PAUL: Yeah, but that was all government, you know. When you have the
FDIC or the FHA or whatever ones. The main problem is that we don’t
save money. That’s where capital’s supposed to come from. Instead we
print money. We create money. We call it capital and then interest
rates may be 1 or 2 or 3% and business people think, well, there’s a
lot of savings going on out there. So they do the wrong things. If
interest rates were very high, they would be more cautious but instead
we create the bubbles. People start building houses to extreme and
then they overbuild and then you have to rest in order for the markets
to catch up. And that’s when the bubble collapses, and we’re in the
midst of that. But government does it in both ways, excessive credit
and also pushing money into certain areas such as housing or the
financial markets and they overprice. Then the prices have to come
down. So it’s a very difficult situation, but the main goal should be
the restoration of the market economy.

GLENN: Okay. So now, you mentioned tax cuts. Congress, both sides of
the aisle are talking now about $800 tax rebates to the poorest people
in America. I don’t know about you, but I’ve never seen a job created
by a guy who’s at the bottom of the ladder. This seems just like a
plan to get people to spend which to me is what got us here in the
first place.

PAUL: Yeah, you are right. And all you do is you encourage
consumption and we’re overdoing consumption right now. It’s not a tax
rebate if you send somebody a check for $800 for not paying taxes.
That’s a welfare check.

GLENN: Thank you.

PAUL: And that money really doesn’t go to producing jobs. What you
have to do is restore the savings and encourage capital investment.
You have to eliminate taxes on capital gains and we have to do
whatever we can, get rid of the taxes, the death tax and eliminate
taxes on dividends and savings. All these things would encourage
savings and then have a market rate for interest rates to give us the
signal on whether we should be investing or saving or spending. But
that doesn’t exist anymore and that’s why we have these perpetual
bubbles. I think this bubble right now that has been kept together for
quite a few years is a major problem and the unwinding of this problem
is very critical. The biggest bubble’s in the dollar bubble and now
the dollar is coming under attack. And what are they proposing?
Excessive spending, you know, deficit spending which, where are they
going to get the money? They don’t have any money in Washington. They
either have to borrow from China or print it, which means there’s more
inflation. Or the Federal Reserve comes in and said, like yesterday,
drastically lowering interest rates? How do they lower interest rates?
They print a lot more money. Yesterday when they announced that, the
dollar immediately reversed itself and sharply went down and it’s the
weakening of the dollar that is the crisis that we face because
everybody suffers from that. You and I suffer because all of a sudden
the dollar in that wallet buys 80 cents worth of goods instead of a
dollar’s worth. So we all get poor and we have to stop that cycle.

exformation
01-24-2008, 12:14 AM
competing currencies i hope is involved in it

fuzzybekool
01-24-2008, 12:33 AM
Comment I left on http://people.ronpaul2008.com/campaign-updates

Great job Dr. Paul ! Please use the MSNBC debate to hit them Neo-Cons where it will hurt them most. The economy is our “bread and butter” issue and your solutions if presented to the American people in a way they can understand will sway a huge majority of undecided and conservative voters to our side. Offer the people a vision of economic stability, propsperity, and a brighter future if they follow your course of action.

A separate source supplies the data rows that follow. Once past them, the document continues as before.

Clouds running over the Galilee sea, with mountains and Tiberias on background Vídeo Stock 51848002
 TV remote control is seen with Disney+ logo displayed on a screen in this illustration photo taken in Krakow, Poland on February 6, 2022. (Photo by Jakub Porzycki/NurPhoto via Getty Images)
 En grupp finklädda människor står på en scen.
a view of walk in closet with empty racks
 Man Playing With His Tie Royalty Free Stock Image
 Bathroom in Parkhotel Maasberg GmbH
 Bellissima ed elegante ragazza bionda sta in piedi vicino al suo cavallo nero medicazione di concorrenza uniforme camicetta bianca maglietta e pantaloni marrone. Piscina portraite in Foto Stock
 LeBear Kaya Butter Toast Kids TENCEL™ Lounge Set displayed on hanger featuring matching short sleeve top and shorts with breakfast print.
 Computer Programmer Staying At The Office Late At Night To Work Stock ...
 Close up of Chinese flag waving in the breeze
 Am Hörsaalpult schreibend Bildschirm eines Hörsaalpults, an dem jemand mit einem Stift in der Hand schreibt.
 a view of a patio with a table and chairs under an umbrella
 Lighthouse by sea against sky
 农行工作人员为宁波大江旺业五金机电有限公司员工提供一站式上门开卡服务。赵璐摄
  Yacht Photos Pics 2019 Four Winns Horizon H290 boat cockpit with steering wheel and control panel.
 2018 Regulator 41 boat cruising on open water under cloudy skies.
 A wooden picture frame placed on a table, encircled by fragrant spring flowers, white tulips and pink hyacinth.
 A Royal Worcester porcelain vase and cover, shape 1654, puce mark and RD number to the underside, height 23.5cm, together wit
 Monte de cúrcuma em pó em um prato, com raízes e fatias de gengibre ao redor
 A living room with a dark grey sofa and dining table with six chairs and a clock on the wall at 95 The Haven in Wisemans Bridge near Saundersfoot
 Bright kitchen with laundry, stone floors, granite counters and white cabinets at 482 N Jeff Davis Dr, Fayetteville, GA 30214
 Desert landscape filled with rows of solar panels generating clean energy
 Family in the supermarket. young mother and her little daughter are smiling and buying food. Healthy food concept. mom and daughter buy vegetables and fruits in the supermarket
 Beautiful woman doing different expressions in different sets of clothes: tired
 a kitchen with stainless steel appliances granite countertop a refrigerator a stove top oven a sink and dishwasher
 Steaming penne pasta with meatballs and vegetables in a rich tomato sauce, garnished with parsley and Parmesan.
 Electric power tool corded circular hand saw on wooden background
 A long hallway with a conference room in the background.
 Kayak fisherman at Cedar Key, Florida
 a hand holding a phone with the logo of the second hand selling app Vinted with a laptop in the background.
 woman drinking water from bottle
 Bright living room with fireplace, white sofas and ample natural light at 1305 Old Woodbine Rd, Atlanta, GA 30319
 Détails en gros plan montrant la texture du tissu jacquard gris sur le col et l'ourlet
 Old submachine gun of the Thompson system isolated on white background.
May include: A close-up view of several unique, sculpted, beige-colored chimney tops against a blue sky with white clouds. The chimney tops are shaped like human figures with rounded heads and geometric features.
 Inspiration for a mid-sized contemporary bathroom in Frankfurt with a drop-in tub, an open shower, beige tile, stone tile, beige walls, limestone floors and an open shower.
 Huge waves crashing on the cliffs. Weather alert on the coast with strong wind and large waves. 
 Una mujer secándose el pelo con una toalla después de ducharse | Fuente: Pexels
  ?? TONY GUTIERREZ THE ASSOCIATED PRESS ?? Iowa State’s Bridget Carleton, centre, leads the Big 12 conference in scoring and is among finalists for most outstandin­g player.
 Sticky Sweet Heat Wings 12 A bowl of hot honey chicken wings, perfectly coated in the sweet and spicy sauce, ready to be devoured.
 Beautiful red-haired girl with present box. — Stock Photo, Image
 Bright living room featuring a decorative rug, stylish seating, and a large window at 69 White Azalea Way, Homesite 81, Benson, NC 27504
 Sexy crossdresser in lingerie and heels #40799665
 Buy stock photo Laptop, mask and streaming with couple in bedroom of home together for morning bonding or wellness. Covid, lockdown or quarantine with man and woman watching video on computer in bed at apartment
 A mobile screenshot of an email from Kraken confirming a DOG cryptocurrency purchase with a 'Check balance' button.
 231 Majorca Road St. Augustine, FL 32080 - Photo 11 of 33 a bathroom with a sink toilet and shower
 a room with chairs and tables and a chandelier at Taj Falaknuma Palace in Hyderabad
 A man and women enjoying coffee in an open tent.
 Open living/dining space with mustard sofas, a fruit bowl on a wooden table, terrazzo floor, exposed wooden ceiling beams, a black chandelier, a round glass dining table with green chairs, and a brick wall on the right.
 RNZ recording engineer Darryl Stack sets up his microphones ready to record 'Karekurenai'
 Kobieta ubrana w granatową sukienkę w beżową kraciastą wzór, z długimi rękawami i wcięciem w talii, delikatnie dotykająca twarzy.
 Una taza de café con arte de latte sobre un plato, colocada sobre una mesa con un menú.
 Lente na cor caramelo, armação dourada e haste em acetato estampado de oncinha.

Take the gloves off Dr. Paul. It is time to fight back the Print and Spend Neo-Con nitwits. We been polite enough so far. America will love you if they see you attacking the other candidate’s weak records on fiscal conservatism.

It was nice meeting you in Myrtle Beach, S.C. this past Jan. 10th and I hope to be in St. Paul, Minnesota for the Republican Convention when we the people, see through our committment, to get you the nomination.